__Records from a data source__
────────────────

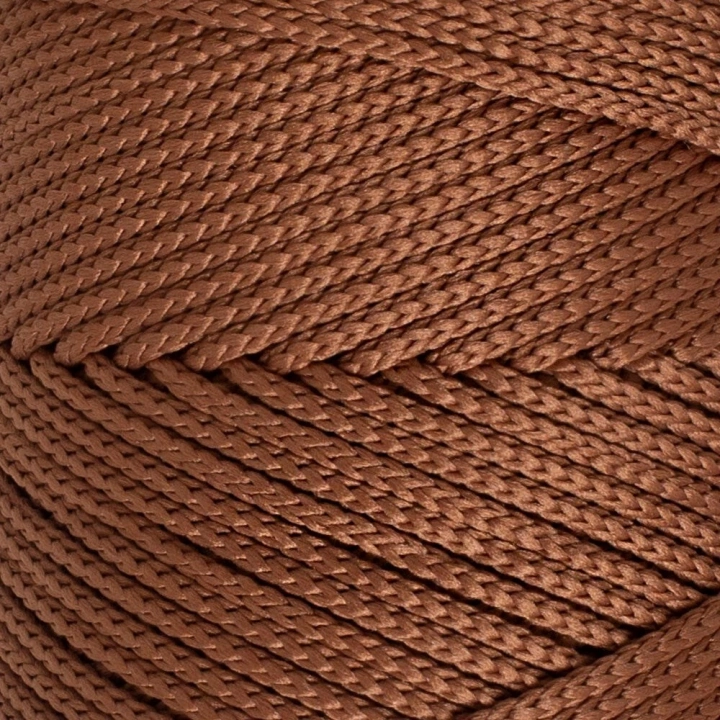BFS  Polyester Soft Macrame Kahverengi El Örgü İpi - LM033 - 34439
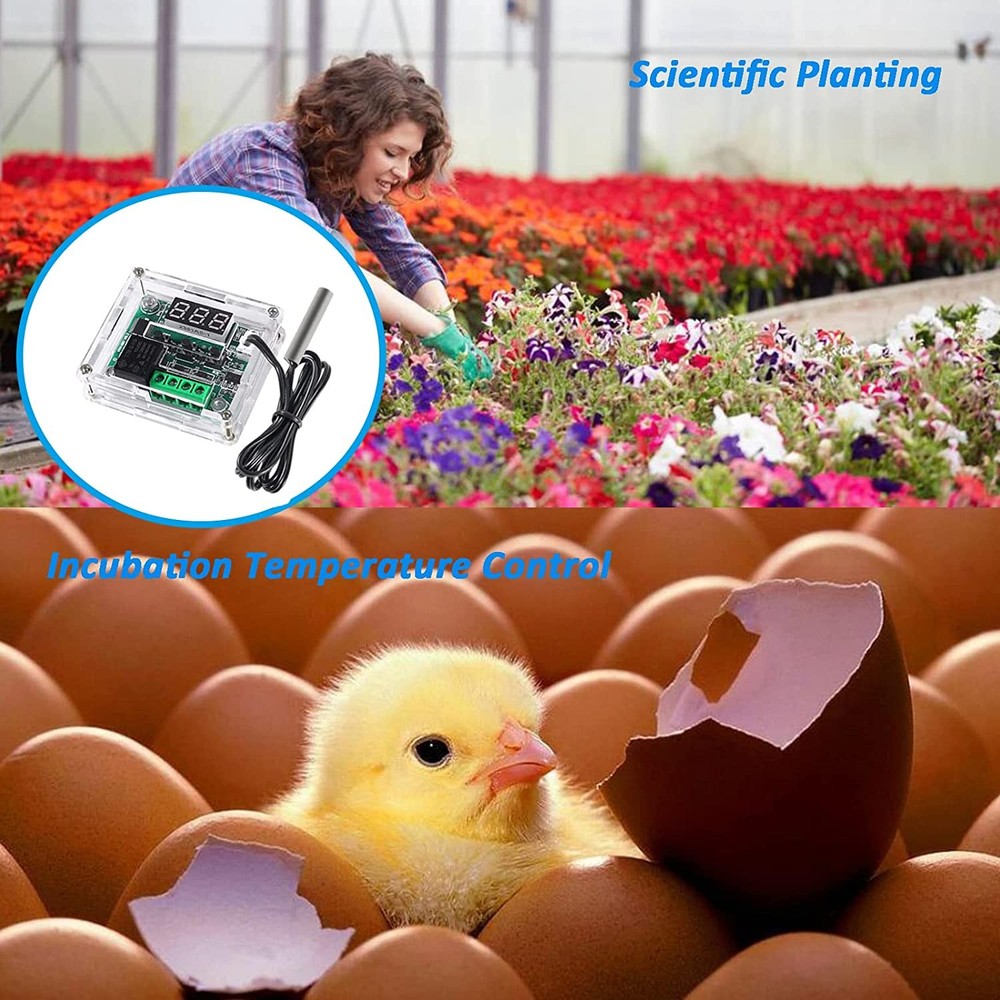 W1209 DC 12V Digital Temperature Controller Board -50-110°C Electronic Tem1658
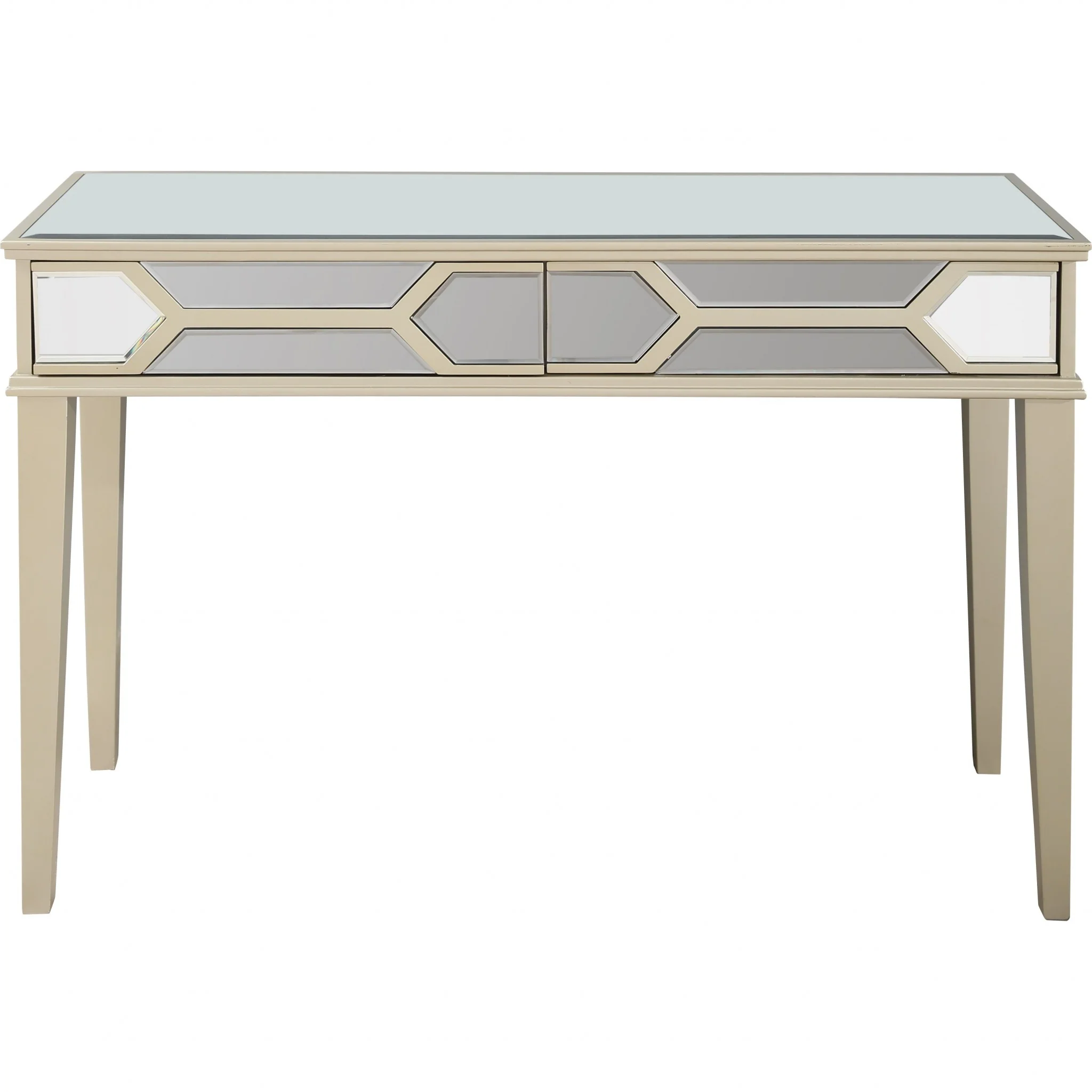 Antiqued Silver Console Table By Homeroots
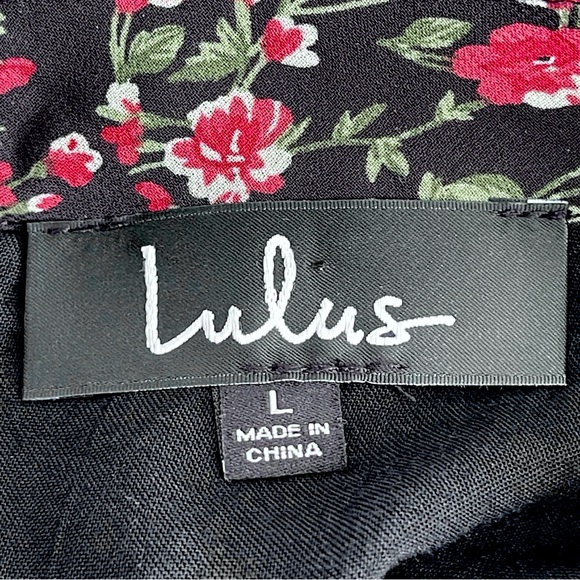 Lulus Boho Blouse Bell Sleeve with Crochet Lace Details Peplum Style High Neck - Picture 12 of 14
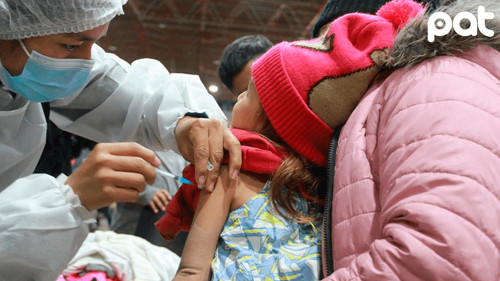 Más de 45 mil niños vacunados contra el sarampión en La Paz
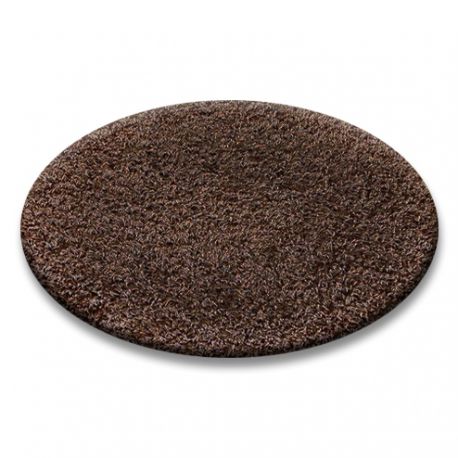 Okrúhly koberec SHAGGY 5 cm hnedá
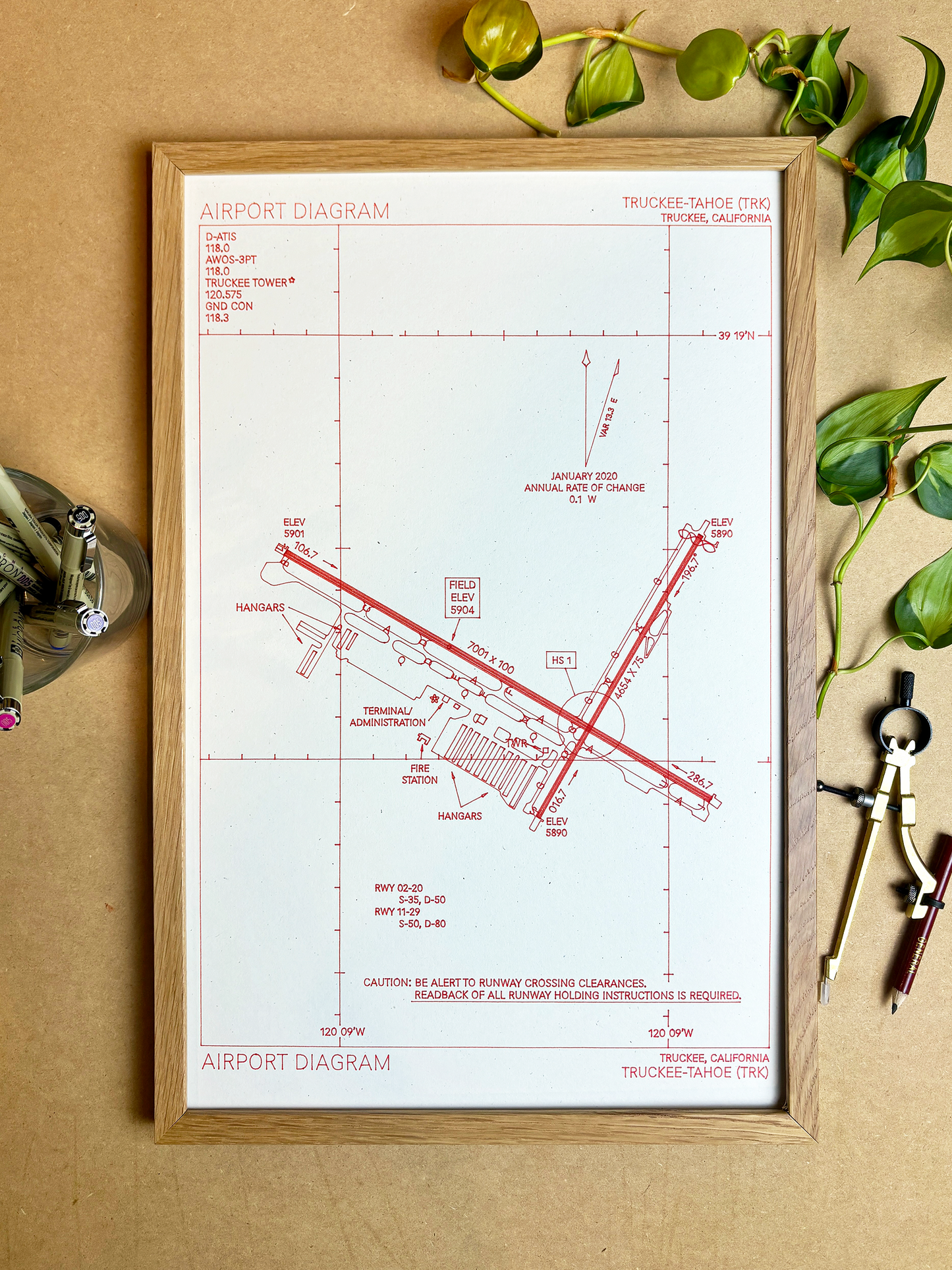 Airport Diagrams Blueprint Art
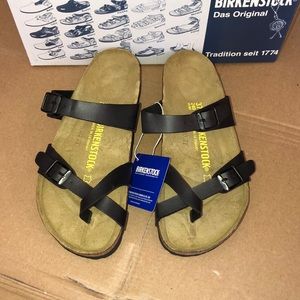 Birkenstock Shoes - Birkenstock Mayari Black Sandals Birkenstock Shoes - Birkenstock Mayari Black Sandals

────────────────

__What you are asked to do__
Write the entries above out in full, exactly, with no images.

__Result__
BFS  Polyester Soft Macrame Kahverengi El Örgü İpi - LM033 - 34439
 W1209 DC 12V Digital Temperature Controller Board -50-110°C Electronic Tem1658
 Antiqued Silver Console Table By Homeroots
 Lulus Boho Blouse Bell Sleeve with Crochet Lace Details Peplum Style High Neck - Picture 12 of 14
 Más de 45 mil niños vacunados contra el sarampión en La Paz
 Okrúhly koberec SHAGGY 5 cm hnedá
 Airport Diagrams Blueprint Art
 Birkenstock Shoes - Birkenstock Mayari Black Sandals Birkenstock Shoes - Birkenstock Mayari Black Sandals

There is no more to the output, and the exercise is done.